Раздался выстрел, с такого расстояния прозвучавший как негромкий хлопок, и спортсмены рванулись с места. Сначала они бежали одной ровной линией – мелькали длинные ноги, высоко взлетали руки, – и на стадионе уже нарастал шум, а затем линия утратила свою безупречность, выгнувшись в центре; темный гибкий человек, напоминавший пантеру, вырвался вперед, и в шуме вокруг стали различаться скандируемые слова.
– Джес-си Оу-энс! – повторял хор голосов, а темнокожий спортсмен уже пронесся через линию финиша, оставив других бегунов позади.
– Что такое? – закричала Матильда Джанин.
– Джесси Оуэнс победил! – крикнул Шаса, чтобы его можно было расслышать сквозь шум.
– Это я вижу… но Дэвид, где Дэвид?
– Не знаю. Невозможно рассмотреть. Они все находятся слишком близко друг к другу.
Они ждали, горя лихорадкой, пока наконец над головами не загремел голос из громкоговорителей:
– Achtung![24]
И они услышали имена:
– Джесси Оуэнс, Картер Браун… – А потом наконец: – Дэвид Абрахамс!
Матильда Джанин завизжала:
– Ой, держите меня, я сейчас в обморок упаду! Дэвид выиграл бронзу!

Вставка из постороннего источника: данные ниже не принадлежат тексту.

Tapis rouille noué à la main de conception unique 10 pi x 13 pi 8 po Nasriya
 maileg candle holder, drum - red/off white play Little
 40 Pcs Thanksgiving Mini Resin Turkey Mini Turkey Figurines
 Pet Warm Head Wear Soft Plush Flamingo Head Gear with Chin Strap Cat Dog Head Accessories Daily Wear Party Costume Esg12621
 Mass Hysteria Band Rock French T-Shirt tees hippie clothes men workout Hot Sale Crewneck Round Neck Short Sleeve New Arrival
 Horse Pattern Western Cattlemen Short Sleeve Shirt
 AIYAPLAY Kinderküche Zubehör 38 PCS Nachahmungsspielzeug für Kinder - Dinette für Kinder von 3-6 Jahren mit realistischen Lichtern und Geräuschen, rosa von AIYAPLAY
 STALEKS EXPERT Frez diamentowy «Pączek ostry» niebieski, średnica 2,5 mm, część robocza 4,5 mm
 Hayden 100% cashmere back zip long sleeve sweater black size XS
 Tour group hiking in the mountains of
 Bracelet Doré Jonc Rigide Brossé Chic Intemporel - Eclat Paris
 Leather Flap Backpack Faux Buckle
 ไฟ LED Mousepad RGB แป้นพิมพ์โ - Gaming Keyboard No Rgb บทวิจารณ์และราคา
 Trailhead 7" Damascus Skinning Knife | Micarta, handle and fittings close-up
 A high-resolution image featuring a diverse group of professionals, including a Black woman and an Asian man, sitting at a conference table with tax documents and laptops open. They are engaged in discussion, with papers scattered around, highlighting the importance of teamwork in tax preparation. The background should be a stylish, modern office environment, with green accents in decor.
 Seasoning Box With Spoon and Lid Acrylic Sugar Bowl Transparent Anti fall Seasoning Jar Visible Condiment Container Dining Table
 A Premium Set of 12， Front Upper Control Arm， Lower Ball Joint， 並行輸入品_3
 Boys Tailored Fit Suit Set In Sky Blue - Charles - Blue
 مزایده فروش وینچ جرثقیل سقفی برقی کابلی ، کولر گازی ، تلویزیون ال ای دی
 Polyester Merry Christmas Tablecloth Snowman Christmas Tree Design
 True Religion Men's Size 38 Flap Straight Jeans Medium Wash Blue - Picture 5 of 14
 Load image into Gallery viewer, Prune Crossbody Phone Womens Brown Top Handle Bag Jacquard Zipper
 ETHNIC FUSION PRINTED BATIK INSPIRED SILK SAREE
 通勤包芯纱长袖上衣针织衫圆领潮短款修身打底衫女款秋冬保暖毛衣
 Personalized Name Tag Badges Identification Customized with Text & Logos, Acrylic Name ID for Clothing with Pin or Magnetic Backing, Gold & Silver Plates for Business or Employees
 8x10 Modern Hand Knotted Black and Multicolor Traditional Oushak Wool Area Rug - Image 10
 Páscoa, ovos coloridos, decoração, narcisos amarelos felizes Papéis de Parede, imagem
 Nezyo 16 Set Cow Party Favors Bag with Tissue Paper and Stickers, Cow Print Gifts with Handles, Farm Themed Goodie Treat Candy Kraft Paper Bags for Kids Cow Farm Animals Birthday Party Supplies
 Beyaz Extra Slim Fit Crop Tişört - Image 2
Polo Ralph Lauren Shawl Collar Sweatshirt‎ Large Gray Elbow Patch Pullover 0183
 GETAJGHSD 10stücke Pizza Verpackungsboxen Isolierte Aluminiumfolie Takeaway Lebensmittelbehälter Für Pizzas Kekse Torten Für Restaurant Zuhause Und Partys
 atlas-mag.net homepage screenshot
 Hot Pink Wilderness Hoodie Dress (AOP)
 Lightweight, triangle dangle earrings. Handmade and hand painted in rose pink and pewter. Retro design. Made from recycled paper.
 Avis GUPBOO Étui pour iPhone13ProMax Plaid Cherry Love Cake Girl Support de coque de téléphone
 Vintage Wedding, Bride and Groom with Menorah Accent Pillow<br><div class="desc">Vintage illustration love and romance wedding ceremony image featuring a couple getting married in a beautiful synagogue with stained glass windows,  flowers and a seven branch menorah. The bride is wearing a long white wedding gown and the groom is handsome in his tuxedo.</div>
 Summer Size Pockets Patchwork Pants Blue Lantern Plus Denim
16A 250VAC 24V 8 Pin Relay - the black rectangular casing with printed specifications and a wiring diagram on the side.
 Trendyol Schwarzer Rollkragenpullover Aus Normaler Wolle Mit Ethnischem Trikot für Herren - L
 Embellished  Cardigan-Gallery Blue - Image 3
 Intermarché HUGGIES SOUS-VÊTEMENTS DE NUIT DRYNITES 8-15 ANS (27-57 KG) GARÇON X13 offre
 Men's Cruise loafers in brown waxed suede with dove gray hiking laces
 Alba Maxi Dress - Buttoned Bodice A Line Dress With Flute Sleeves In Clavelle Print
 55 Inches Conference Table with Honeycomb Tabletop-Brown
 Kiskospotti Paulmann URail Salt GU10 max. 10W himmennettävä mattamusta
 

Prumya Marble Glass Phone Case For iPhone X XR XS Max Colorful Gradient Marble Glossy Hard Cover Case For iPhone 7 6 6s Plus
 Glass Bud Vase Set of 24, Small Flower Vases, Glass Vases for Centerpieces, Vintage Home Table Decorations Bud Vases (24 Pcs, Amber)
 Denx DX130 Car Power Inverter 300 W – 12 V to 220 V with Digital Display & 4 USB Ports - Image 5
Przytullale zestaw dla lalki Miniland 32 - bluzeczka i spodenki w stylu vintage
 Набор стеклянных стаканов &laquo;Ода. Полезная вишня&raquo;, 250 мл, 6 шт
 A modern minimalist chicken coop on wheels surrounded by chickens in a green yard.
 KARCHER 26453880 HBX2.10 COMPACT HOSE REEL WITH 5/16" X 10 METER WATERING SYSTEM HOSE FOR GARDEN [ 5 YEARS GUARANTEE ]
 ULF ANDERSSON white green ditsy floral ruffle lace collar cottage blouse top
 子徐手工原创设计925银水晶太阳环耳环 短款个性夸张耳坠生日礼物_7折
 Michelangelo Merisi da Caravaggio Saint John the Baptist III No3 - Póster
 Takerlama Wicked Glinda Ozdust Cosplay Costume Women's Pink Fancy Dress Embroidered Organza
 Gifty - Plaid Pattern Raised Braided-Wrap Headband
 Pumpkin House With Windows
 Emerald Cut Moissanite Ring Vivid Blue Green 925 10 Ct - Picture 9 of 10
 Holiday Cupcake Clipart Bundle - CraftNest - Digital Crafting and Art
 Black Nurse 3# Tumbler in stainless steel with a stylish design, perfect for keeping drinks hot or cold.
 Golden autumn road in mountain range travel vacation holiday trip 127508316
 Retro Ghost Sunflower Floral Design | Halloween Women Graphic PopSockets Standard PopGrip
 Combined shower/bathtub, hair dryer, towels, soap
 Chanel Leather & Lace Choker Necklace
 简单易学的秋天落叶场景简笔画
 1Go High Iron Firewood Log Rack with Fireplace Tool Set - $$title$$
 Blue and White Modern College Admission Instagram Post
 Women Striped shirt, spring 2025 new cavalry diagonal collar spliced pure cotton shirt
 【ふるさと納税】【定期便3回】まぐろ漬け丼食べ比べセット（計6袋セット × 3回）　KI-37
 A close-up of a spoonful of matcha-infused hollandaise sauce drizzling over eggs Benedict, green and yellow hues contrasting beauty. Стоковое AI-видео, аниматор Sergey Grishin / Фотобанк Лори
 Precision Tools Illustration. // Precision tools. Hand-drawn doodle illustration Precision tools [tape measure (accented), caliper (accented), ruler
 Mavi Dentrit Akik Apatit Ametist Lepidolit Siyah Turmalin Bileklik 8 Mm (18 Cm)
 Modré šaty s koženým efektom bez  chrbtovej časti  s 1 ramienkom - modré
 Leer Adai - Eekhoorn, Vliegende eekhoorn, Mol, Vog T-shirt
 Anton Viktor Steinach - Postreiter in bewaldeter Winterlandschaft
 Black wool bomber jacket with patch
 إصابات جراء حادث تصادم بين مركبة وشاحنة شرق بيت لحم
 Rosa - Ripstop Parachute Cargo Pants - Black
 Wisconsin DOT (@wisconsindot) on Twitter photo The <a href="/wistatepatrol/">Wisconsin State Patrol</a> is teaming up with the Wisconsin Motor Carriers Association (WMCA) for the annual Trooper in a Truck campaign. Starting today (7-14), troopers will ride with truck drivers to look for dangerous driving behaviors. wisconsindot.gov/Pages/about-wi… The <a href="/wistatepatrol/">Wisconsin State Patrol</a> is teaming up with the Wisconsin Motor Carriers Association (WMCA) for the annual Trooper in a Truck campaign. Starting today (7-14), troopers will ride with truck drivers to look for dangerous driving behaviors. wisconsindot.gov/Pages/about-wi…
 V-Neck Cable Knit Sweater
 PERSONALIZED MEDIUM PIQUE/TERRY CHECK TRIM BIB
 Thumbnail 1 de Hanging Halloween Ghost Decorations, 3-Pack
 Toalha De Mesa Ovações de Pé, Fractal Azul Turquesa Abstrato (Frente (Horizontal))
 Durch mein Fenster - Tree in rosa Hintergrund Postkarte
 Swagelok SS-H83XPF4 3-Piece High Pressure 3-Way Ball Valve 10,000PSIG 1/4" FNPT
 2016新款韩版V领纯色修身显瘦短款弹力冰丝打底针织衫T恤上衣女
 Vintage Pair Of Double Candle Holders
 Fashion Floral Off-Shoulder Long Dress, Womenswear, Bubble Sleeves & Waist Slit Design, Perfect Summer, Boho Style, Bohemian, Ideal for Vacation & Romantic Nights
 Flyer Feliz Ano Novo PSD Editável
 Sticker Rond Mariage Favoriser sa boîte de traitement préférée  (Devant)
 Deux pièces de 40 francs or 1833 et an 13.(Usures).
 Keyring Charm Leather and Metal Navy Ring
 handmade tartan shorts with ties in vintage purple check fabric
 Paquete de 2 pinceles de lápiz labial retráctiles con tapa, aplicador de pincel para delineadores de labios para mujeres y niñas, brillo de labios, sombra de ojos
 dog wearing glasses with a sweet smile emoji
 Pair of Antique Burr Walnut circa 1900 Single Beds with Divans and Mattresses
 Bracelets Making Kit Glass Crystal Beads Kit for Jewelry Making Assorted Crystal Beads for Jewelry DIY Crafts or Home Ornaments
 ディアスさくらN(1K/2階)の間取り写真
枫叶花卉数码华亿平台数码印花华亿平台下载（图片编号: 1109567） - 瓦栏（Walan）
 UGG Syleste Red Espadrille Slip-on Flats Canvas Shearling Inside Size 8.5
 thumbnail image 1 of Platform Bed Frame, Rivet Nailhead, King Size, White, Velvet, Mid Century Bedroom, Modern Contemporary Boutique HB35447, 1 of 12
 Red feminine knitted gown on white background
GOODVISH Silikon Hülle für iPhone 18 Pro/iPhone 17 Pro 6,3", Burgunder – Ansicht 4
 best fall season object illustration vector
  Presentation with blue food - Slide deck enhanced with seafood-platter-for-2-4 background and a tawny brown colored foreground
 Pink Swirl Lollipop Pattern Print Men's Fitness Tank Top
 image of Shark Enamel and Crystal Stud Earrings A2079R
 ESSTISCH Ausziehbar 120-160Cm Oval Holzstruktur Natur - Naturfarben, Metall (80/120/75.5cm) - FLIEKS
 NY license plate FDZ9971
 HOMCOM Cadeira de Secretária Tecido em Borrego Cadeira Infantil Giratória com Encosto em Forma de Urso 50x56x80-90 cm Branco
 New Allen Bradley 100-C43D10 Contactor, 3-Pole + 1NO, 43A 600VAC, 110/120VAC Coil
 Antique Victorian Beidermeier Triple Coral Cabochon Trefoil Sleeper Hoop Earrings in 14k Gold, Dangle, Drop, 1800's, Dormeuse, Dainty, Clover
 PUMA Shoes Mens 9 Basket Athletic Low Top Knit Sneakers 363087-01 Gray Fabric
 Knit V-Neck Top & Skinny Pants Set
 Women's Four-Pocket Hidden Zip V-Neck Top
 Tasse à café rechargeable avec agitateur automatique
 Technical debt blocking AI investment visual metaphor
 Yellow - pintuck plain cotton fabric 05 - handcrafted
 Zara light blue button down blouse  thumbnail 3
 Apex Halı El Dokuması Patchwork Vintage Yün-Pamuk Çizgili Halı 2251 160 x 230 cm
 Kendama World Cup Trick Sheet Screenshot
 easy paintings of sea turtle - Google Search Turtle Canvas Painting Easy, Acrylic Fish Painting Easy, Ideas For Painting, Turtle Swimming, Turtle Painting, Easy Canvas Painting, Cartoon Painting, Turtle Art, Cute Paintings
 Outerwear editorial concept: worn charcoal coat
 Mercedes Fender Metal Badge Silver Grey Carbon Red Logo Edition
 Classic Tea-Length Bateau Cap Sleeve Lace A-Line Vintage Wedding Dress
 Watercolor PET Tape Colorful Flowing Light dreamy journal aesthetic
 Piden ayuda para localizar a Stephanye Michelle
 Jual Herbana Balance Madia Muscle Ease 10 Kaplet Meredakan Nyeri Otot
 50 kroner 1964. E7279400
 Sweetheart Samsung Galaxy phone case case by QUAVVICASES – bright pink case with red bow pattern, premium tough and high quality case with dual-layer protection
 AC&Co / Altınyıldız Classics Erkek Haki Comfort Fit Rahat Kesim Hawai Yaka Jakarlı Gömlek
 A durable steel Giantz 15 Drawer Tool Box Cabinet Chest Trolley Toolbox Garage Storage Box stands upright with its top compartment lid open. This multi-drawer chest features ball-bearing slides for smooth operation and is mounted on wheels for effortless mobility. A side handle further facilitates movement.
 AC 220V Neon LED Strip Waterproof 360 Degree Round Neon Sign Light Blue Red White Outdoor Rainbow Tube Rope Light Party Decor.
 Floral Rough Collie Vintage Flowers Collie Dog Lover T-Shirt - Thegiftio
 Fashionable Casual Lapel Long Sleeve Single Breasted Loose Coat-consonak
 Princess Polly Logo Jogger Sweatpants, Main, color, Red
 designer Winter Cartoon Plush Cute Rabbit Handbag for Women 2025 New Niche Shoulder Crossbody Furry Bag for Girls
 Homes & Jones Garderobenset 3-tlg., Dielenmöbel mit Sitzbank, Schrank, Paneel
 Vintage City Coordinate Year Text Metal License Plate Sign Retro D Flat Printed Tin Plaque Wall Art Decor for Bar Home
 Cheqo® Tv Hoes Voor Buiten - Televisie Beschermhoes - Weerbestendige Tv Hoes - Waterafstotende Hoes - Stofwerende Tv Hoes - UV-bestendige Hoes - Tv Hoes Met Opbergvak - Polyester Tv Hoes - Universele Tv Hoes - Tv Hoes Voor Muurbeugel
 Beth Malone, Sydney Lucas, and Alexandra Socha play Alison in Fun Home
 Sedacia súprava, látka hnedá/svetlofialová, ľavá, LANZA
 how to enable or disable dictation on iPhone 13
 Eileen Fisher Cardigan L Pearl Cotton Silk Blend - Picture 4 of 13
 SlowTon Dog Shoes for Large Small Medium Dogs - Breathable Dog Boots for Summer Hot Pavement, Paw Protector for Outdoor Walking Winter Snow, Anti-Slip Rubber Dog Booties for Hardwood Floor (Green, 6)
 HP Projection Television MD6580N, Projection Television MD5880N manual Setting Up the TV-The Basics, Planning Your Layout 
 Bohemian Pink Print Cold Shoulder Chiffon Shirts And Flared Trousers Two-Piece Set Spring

Она все еще визжала и прыгала на месте, не скрывая потока радостных слез, лившихся по ее щекам и стекавших с подбородка, когда на зеленом поле внизу появилась худая долговязая фигура в шортах и майке бегуна и, поднявшись на нижнюю ступень пьедестала победителей, наклонила голову, позволяя надеть себе на шею ленту с бронзовой медалью.
Все они начали в тот вечер праздновать в гостиной номера Сантэн в «Бристоле». Блэйн произнес краткую поздравительную речь, а Дэвид неловко и застенчиво стоял посреди комнаты, когда за него поднимали бокалы с шампанским. И поскольку это был Дэвид, Шаса тоже выпил полный бокал изумительного «Боланже» 1929 года, которое Сантэн запасла для подобных случаев.
Далее он выпил еще бокал немецкого зекта в кафе на углу Курфюрстендамм, невдалеке от отеля, а затем все четверо, взявшись за руки, отправились гулять по знаменитой берлинской улице развлечений. Все признаки разложения, запрещенные нацистами, вроде бутылочек кока-колы в уличных кафе, джаза, афиш фильмов с Кларком Гейблом и Мирной Лой, снова возникли, вернувшись по специальному разрешению на время Олимпийских игр, но не долее.
Они заглянули еще в одно кафе, и на этот раз Шаса заказал шнапс.